Collage by Lani, textures by FlyPaper Textures.
This week I was over in my friend Patti's Altered Attic, and I learned about National Invisible Chronic Illness Awareness Week. Patti likens the experience of developing one of these chronic illnesses with being thrown from the merry-go-round of "human doing" where life is glittery, fast moving, and we forever chase the brass ring which is always just out of reach. And once you are sitting on the ground you are more or less forced to become a human being, since all the glittery doing becomes nearly impossible. Patti got me thinking about my own experiences with "reality". The Buddha pointed out a very long time ago, that reality comes to all of us in the form of illness, old age, and death. There's no one on this planet that hasn't known these three either personally or of a loved one.
Aside from the medical industry's very bad behavior, a very difficult part of all of this is that our culture places such value on doing and almost no value on being. So while we are on the carousel we are given approval and positive reinforcement for the rather empty experience of chasing the brass ring. The brass ring is something you can't ever reach. You can try, you can get a better job, higher salary, but it will never be enough. I remember this old merry-go-round very well. I didn't much care for it, truth be told.
When I was in my thirty's, my husband developed a fatal illness. I felt as if I'd been thrown from the horse but was still on the carousel. I looked around at all of the striving and I didn't have the heart for it anymore. So I decided to step off and sit in the side lines, and consider where I had been and where I actually was. It seemed to me as I looked around, there was a lot more real life going on in the sidelines, very interesting, real life. And it's in these sidelines that the greatest art and creativity are happening. And like Patti commented there's a tremendous amount of community, friendship, and wonderful humanity here in the sidelines, where the pace is slow enough that you can feel it and enjoy it. For me, the experience of real life, was a heart opening experience. I suddenly had the time for others, I found that without the cloak of denial, you can actually join the human race. It may be heart breaking at times, but it is also a place where we can truly love and learn.
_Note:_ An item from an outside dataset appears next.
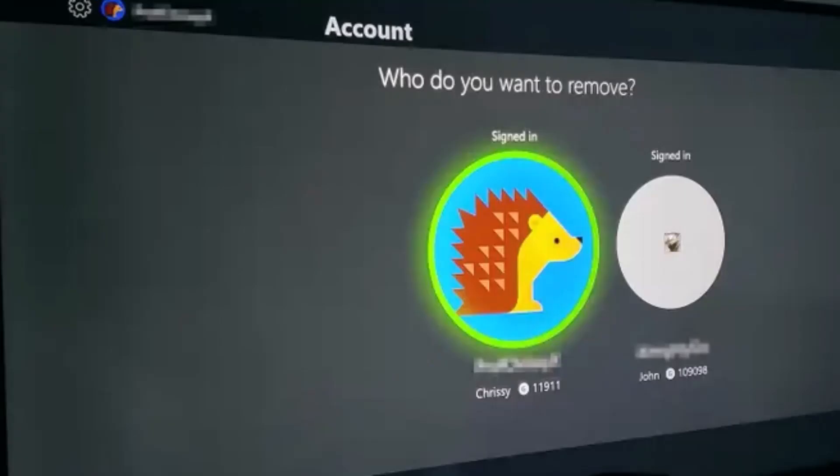After you've done that, select the profile that you want to delete and press A, then select Remove and once again press the A button.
This week on the "Love Bomb: It Starts With Us" website, they (we) picked a girl struggling with Lyme disease, who wrote about her experiences with this invisible chronic illness. The idea was to go visit her blog and leave a "love bomb," a comment that let her know that she was loved. Very sweet idea! So far I see 160 comments of a love bomb type. So if you want to leave Victoria or my friend Patti a comment to let them know they are not alone, that they are human beings deserving of as much love and respect as anyone riding the merry-go-round, and probably more, then please do. It's easy and it makes all the difference in a person's life! Really!